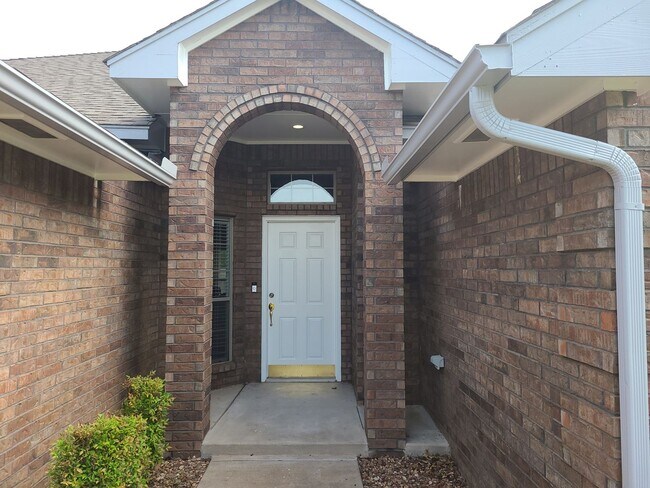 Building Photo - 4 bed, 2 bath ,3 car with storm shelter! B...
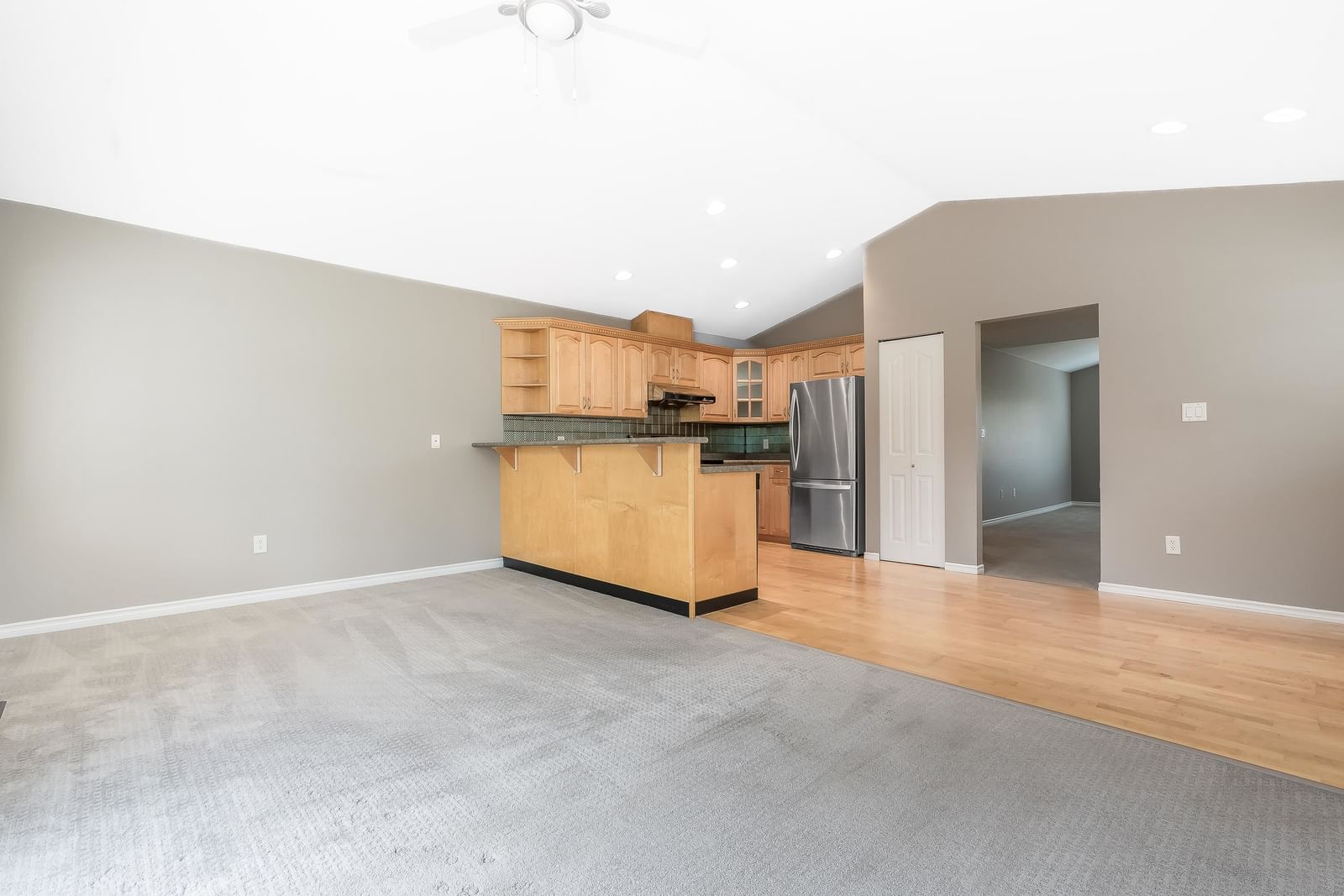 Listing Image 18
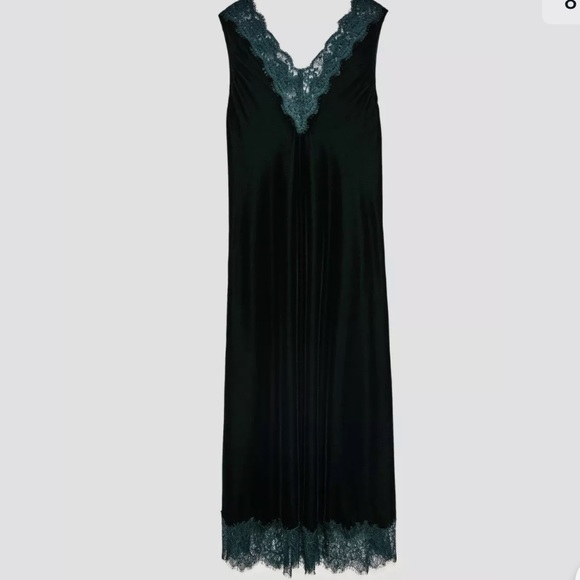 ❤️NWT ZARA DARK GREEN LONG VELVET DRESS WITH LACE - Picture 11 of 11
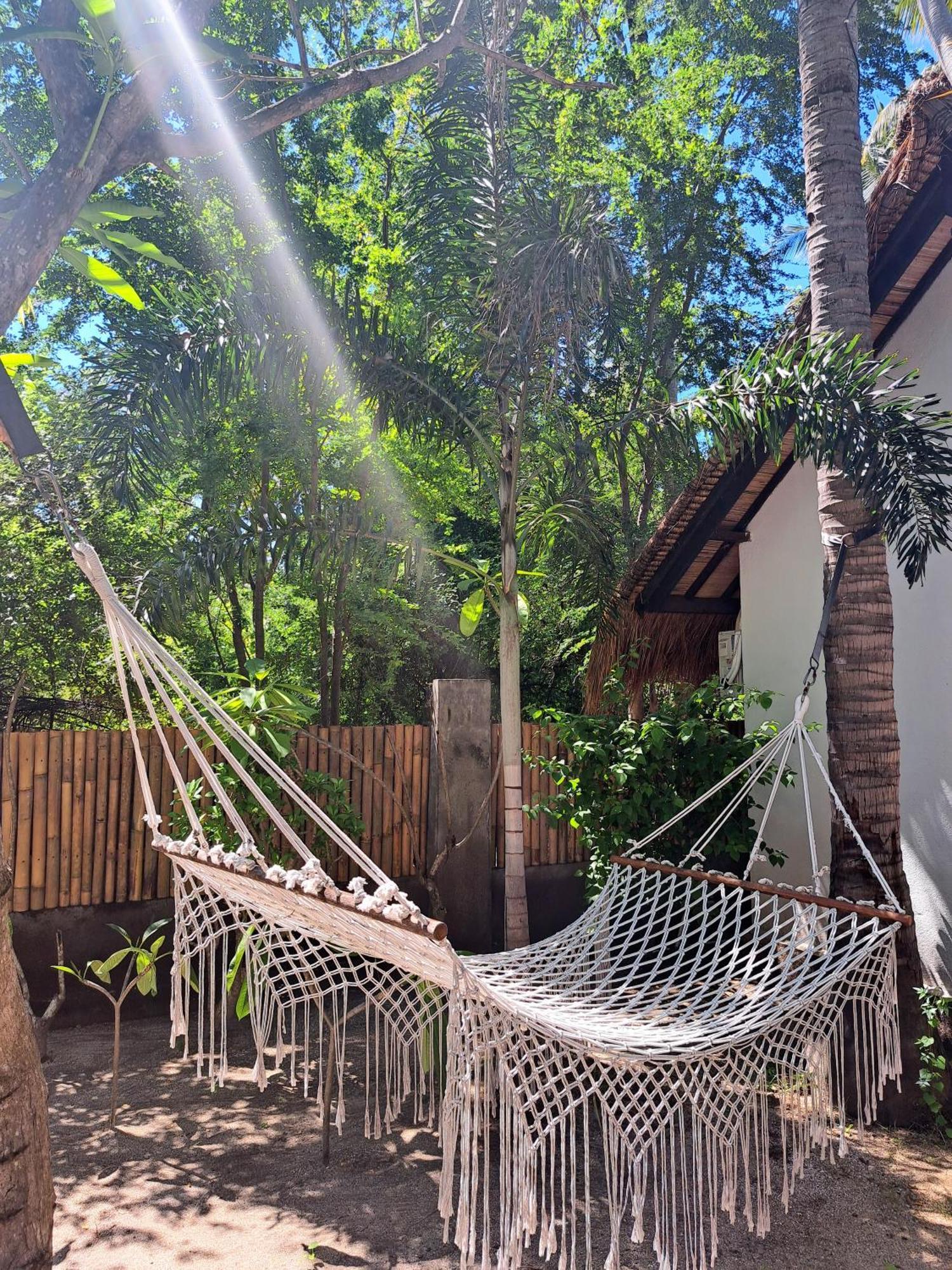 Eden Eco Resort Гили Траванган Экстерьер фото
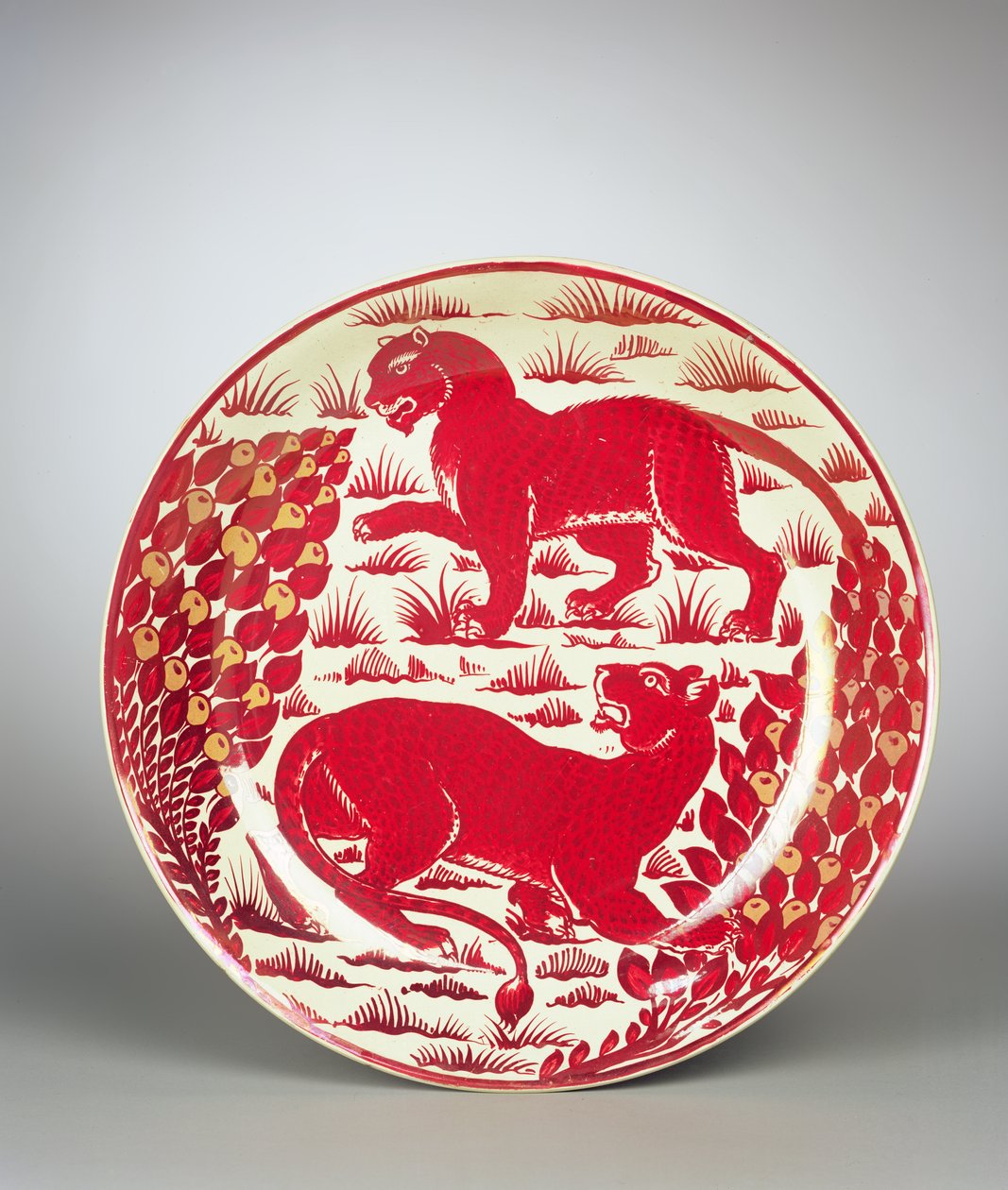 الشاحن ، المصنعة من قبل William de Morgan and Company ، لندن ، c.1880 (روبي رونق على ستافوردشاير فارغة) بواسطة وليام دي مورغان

☆ ☆ ☆

Your instructions -
Beginning with the line that contains "Eden Eco Resort" and ending with the last line of the data, restate each line word for word. Exclude the pictures.

Answer box -
 Eden Eco Resort Гили Траванган Экстерьер фото
 الشاحن ، المصنعة من قبل William de Morgan and Company ، لندن ، c.1880 (روبي رونق على ستافوردشاير فارغة) بواسطة وليام دي مورغان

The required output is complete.